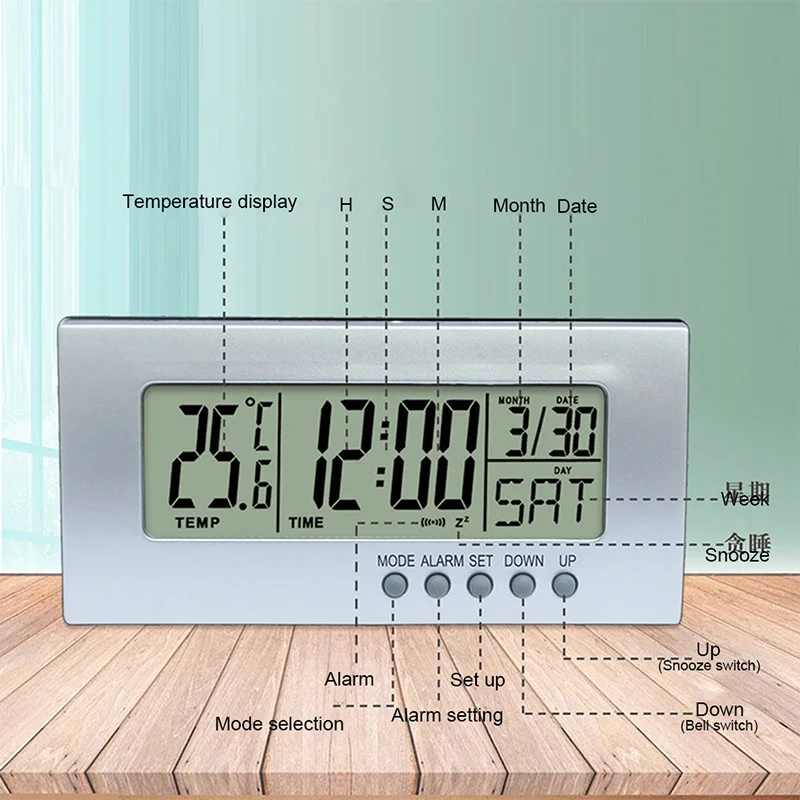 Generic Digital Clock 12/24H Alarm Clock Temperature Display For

++++++

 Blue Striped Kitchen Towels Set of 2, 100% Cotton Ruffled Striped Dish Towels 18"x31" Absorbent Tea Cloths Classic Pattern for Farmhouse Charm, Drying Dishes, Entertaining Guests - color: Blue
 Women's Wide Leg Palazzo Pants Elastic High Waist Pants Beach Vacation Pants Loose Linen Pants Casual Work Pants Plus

++++++

[PROBLEM TO SOLVE] Extract from the listing above the lines between the line containing "Blue Striped Kitchen" and the line containing "Women's Wide Leg", keeping both of those lines. Output nothing else.

[SOLUTION TO THE PROBLEM]
 Blue Striped Kitchen Towels Set of 2, 100% Cotton Ruffled Striped Dish Towels 18"x31" Absorbent Tea Cloths Classic Pattern for Farmhouse Charm, Drying Dishes, Entertaining Guests - color: Blue
 Women's Wide Leg Palazzo Pants Elastic High Waist Pants Beach Vacation Pants Loose Linen Pants Casual Work Pants Plus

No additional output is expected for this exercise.